:: Exercise details ::
Output must match the records, character for character.

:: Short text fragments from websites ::
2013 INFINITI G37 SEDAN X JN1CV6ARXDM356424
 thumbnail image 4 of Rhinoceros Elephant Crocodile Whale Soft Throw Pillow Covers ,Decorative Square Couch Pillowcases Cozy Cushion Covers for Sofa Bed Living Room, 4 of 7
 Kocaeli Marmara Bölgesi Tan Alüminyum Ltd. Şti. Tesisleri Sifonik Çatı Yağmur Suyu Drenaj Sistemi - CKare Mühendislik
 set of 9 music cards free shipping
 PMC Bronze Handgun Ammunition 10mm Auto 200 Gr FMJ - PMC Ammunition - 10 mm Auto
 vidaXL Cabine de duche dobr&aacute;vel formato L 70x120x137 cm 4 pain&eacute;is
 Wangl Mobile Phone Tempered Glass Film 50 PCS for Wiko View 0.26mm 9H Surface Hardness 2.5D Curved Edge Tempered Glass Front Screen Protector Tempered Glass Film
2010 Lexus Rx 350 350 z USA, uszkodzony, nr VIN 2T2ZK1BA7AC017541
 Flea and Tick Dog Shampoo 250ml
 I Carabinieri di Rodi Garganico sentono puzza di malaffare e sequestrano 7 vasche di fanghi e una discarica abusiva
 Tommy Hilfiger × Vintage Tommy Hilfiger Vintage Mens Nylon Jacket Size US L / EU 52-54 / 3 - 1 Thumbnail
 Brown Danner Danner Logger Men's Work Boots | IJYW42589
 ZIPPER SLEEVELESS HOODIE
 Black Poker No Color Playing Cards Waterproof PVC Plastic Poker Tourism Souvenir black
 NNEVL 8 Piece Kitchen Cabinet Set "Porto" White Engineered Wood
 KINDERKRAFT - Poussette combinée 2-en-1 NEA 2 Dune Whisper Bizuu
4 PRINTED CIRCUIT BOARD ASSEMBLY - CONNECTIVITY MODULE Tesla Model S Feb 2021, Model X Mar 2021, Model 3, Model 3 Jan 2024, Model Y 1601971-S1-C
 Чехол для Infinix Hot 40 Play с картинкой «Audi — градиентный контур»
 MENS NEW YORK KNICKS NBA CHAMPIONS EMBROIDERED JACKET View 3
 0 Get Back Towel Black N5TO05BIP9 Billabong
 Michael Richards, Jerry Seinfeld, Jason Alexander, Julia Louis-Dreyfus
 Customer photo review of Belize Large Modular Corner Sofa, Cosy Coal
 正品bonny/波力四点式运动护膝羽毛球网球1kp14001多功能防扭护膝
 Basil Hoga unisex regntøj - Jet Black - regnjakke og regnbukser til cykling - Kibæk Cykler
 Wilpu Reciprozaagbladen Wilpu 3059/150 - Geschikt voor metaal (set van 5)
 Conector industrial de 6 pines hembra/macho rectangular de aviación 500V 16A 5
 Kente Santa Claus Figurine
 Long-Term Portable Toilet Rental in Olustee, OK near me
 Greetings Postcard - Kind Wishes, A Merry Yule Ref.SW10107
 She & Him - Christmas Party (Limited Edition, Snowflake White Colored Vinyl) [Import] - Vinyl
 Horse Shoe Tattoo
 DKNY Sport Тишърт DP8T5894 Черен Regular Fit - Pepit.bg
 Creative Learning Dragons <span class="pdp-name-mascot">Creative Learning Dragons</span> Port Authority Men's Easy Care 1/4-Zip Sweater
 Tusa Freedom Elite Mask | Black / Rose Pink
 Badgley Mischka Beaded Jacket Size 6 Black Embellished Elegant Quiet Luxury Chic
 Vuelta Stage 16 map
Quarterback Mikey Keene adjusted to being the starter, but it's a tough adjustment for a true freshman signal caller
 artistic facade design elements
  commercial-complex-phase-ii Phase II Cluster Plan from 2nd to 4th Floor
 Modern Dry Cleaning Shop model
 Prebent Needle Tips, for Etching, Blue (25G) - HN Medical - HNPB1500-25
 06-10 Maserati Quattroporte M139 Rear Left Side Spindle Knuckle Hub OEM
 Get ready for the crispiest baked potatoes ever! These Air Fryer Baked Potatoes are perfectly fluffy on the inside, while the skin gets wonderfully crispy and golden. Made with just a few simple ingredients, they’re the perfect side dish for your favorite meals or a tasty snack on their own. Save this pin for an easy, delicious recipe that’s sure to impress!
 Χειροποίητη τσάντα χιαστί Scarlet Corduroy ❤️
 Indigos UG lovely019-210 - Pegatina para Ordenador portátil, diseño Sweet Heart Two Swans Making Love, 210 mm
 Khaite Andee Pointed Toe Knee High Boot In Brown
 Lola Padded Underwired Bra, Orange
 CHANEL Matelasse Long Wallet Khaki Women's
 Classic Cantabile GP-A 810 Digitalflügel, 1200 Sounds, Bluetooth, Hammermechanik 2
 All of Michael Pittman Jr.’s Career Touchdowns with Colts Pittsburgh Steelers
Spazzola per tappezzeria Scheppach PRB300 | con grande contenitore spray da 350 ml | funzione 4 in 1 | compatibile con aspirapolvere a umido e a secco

:: Response to the task ::
2013 INFINITI G37 SEDAN X JN1CV6ARXDM356424
 thumbnail image 4 of Rhinoceros Elephant Crocodile Whale Soft Throw Pillow Covers ,Decorative Square Couch Pillowcases Cozy Cushion Covers for Sofa Bed Living Room, 4 of 7
 Kocaeli Marmara Bölgesi Tan Alüminyum Ltd. Şti. Tesisleri Sifonik Çatı Yağmur Suyu Drenaj Sistemi - CKare Mühendislik
 set of 9 music cards free shipping
 PMC Bronze Handgun Ammunition 10mm Auto 200 Gr FMJ - PMC Ammunition - 10 mm Auto
 vidaXL Cabine de duche dobr&aacute;vel formato L 70x120x137 cm 4 pain&eacute;is
 Wangl Mobile Phone Tempered Glass Film 50 PCS for Wiko View 0.26mm 9H Surface Hardness 2.5D Curved Edge Tempered Glass Front Screen Protector Tempered Glass Film
2010 Lexus Rx 350 350 z USA, uszkodzony, nr VIN 2T2ZK1BA7AC017541
 Flea and Tick Dog Shampoo 250ml
 I Carabinieri di Rodi Garganico sentono puzza di malaffare e sequestrano 7 vasche di fanghi e una discarica abusiva
 Tommy Hilfiger × Vintage Tommy Hilfiger Vintage Mens Nylon Jacket Size US L / EU 52-54 / 3 - 1 Thumbnail
 Brown Danner Danner Logger Men's Work Boots | IJYW42589
 ZIPPER SLEEVELESS HOODIE
 Black Poker No Color Playing Cards Waterproof PVC Plastic Poker Tourism Souvenir black
 NNEVL 8 Piece Kitchen Cabinet Set "Porto" White Engineered Wood
 KINDERKRAFT - Poussette combinée 2-en-1 NEA 2 Dune Whisper Bizuu
4 PRINTED CIRCUIT BOARD ASSEMBLY - CONNECTIVITY MODULE Tesla Model S Feb 2021, Model X Mar 2021, Model 3, Model 3 Jan 2024, Model Y 1601971-S1-C
 Чехол для Infinix Hot 40 Play с картинкой «Audi — градиентный контур»
 MENS NEW YORK KNICKS NBA CHAMPIONS EMBROIDERED JACKET View 3
 0 Get Back Towel Black N5TO05BIP9 Billabong
 Michael Richards, Jerry Seinfeld, Jason Alexander, Julia Louis-Dreyfus
 Customer photo review of Belize Large Modular Corner Sofa, Cosy Coal
 正品bonny/波力四点式运动护膝羽毛球网球1kp14001多功能防扭护膝
 Basil Hoga unisex regntøj - Jet Black - regnjakke og regnbukser til cykling - Kibæk Cykler
 Wilpu Reciprozaagbladen Wilpu 3059/150 - Geschikt voor metaal (set van 5)
 Conector industrial de 6 pines hembra/macho rectangular de aviación 500V 16A 5
 Kente Santa Claus Figurine
 Long-Term Portable Toilet Rental in Olustee, OK near me
 Greetings Postcard - Kind Wishes, A Merry Yule Ref.SW10107
 She & Him - Christmas Party (Limited Edition, Snowflake White Colored Vinyl) [Import] - Vinyl
 Horse Shoe Tattoo
 DKNY Sport Тишърт DP8T5894 Черен Regular Fit - Pepit.bg
 Creative Learning Dragons <span class="pdp-name-mascot">Creative Learning Dragons</span> Port Authority Men's Easy Care 1/4-Zip Sweater
 Tusa Freedom Elite Mask | Black / Rose Pink
 Badgley Mischka Beaded Jacket Size 6 Black Embellished Elegant Quiet Luxury Chic
 Vuelta Stage 16 map
Quarterback Mikey Keene adjusted to being the starter, but it's a tough adjustment for a true freshman signal caller
 artistic facade design elements
  commercial-complex-phase-ii Phase II Cluster Plan from 2nd to 4th Floor
 Modern Dry Cleaning Shop model
 Prebent Needle Tips, for Etching, Blue (25G) - HN Medical - HNPB1500-25
 06-10 Maserati Quattroporte M139 Rear Left Side Spindle Knuckle Hub OEM
 Get ready for the crispiest baked potatoes ever! These Air Fryer Baked Potatoes are perfectly fluffy on the inside, while the skin gets wonderfully crispy and golden. Made with just a few simple ingredients, they’re the perfect side dish for your favorite meals or a tasty snack on their own. Save this pin for an easy, delicious recipe that’s sure to impress!
 Χειροποίητη τσάντα χιαστί Scarlet Corduroy ❤️
 Indigos UG lovely019-210 - Pegatina para Ordenador portátil, diseño Sweet Heart Two Swans Making Love, 210 mm
 Khaite Andee Pointed Toe Knee High Boot In Brown
 Lola Padded Underwired Bra, Orange
 CHANEL Matelasse Long Wallet Khaki Women's
 Classic Cantabile GP-A 810 Digitalflügel, 1200 Sounds, Bluetooth, Hammermechanik 2
 All of Michael Pittman Jr.’s Career Touchdowns with Colts Pittsburgh Steelers
Spazzola per tappezzeria Scheppach PRB300 | con grande contenitore spray da 350 ml | funzione 4 in 1 | compatibile con aspirapolvere a umido e a secco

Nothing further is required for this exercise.